Last Wednesday, the Supreme Court heard oral arguments for over an hour with regards to Fisher II, the second hearing of the anti-affirmative action case that centers around the plight of Abigail Fisher, a White woman who applied for admission to the University of Texas in 2008, and was rejected. (Incidentally, I am a co-signer of an amicus brief submitted to the Court in Fisher II in support of race-conscious affirmative action.)
The University of Texas employs a so-called “Top Ten Percent Plan”, wherein the school automatically admits students from each of the state’s high schools who score within the top ten percent of their graduating class. The remainder of available slots are filled through a holistic review process that includes race as one of several characteristics used to assess applicants. Fisher — whose high school grades were insufficient to yield her automatic acceptance to the University of Texas — contends that she was rejected under holistic review because she is White and therefore that the University of Texas violated her 14th Amendment rights. However, independent review of her application and the characteristics of other applicants in 2008 demonstrate that Fisher’s application package was weak in comparison to others in her year, and that her rejection likely had nothing to do with the colour of her skin.

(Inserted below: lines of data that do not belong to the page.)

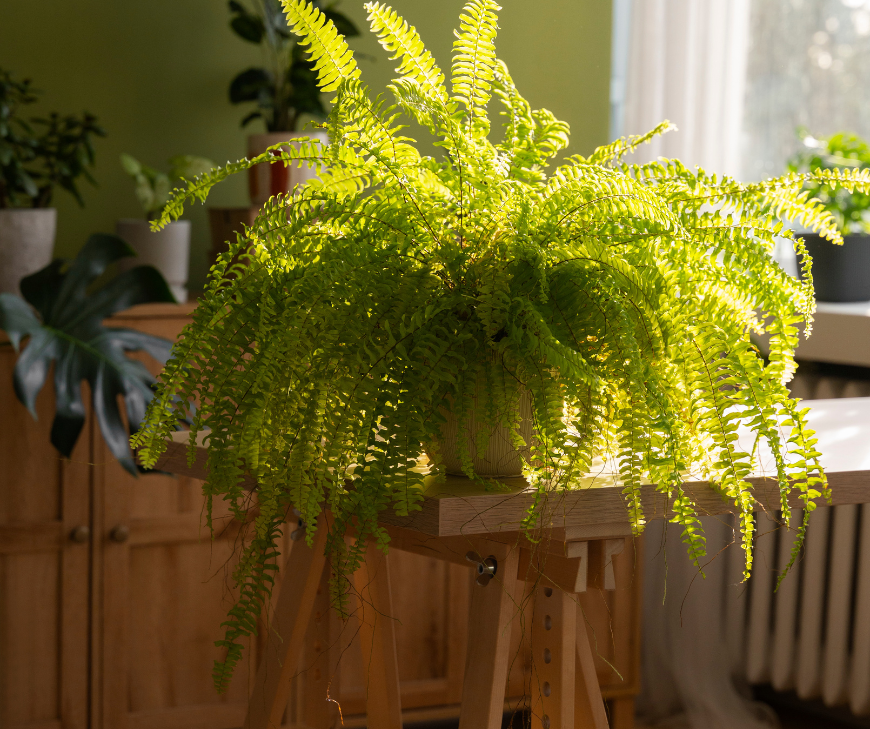 Ferns are basically made for that “fresh after rain” feeling.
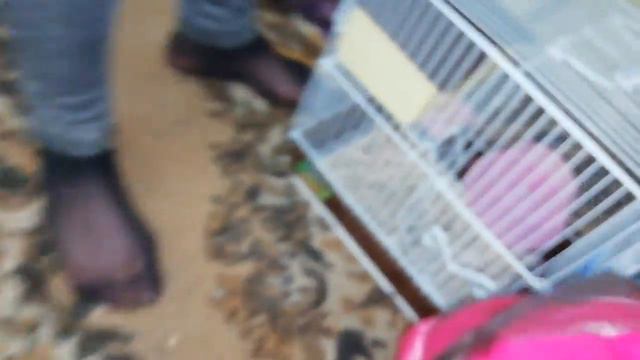 ШОК! Утята в квартире! Идём смотреть домашних утят моих подруг! Они няшки🐥 смотреть онлайн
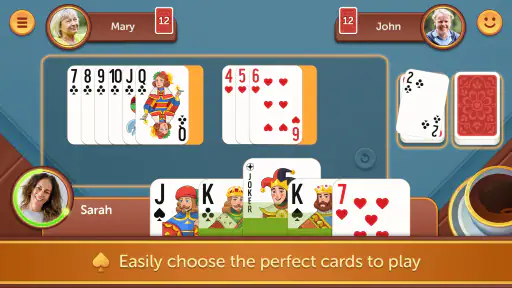 Rummy Fun & Friends
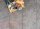 Keramikplatte Athos Rock anthrazit 598 x 1198 x 20 mm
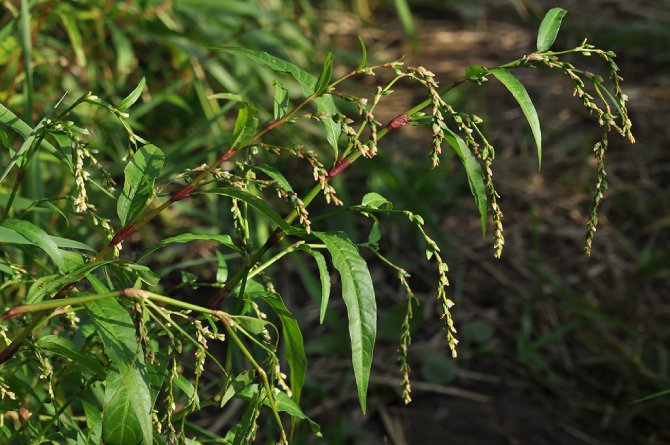 Nghể Răm 6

Fisher is not the only plaintiff to transform angst over rejection from the school of one’s choice (despite what is perceived to be a strong application package) into a racial entitlement complex: a minority of Asian American applicants also oppose affirmative action. In 2006, Princeton hopeful Jian Li filed a complaint when he was rejected from Princeton; like Fisher, Li’s rejection had nothing to do with race, and was based entirely on a relatively mediocre applicant package compared to other applicants in his year. Some Asian Americans have even gone so far as to join a second anti-affirmative action lawsuit filed by Edward Blum — the conservative lobbyist behind the Fisher case — contesting that race-conscious affirmative action hurts the Asian American community. (This is not a position held by the vast majority of Asian Americans; most agree that race-conscious affirmative action is not harmful to Asian American college applicants.)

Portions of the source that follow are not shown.